● **What you will do**
Where does the word "Print" show up in the data? Please find each such line and copy it.
[[ Material shown, beginning ]]
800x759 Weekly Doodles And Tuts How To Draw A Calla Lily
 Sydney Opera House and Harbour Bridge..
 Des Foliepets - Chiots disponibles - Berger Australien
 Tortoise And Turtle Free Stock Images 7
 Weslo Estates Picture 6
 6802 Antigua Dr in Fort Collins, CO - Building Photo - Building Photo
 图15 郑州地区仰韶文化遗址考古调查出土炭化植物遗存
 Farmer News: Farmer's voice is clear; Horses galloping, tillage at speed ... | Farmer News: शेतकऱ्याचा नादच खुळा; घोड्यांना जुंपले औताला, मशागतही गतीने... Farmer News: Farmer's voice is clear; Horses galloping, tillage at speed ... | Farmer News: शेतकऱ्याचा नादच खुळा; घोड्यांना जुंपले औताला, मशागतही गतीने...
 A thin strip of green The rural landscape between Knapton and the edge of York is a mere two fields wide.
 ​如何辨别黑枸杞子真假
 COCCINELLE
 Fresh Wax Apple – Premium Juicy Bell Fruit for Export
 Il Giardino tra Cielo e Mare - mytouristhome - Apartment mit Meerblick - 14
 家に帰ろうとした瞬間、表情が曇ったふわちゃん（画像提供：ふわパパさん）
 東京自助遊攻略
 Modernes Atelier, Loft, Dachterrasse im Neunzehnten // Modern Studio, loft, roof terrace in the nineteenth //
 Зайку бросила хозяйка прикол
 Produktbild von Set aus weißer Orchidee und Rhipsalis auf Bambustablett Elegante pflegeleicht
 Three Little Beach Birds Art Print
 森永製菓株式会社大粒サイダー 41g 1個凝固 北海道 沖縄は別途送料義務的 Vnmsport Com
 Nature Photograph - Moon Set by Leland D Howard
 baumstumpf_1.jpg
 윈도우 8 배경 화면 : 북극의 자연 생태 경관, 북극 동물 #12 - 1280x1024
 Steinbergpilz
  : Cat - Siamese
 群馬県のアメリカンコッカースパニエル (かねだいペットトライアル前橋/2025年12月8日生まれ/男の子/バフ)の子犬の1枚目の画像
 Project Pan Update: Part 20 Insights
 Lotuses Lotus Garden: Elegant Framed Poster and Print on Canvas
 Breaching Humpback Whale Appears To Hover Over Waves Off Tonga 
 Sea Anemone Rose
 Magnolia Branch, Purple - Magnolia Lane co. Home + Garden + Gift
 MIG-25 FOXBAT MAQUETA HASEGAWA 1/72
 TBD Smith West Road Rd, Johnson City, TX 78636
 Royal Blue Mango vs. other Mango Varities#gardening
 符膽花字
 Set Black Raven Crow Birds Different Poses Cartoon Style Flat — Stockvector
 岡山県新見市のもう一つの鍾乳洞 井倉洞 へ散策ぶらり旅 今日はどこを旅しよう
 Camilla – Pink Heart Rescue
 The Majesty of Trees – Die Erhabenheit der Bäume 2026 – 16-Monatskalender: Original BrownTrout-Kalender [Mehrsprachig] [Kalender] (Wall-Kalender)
[[ Material shown, end ]]
● **Result**
 Three Little Beach Birds Art Print
 Lotuses Lotus Garden: Elegant Framed Poster and Print on Canvas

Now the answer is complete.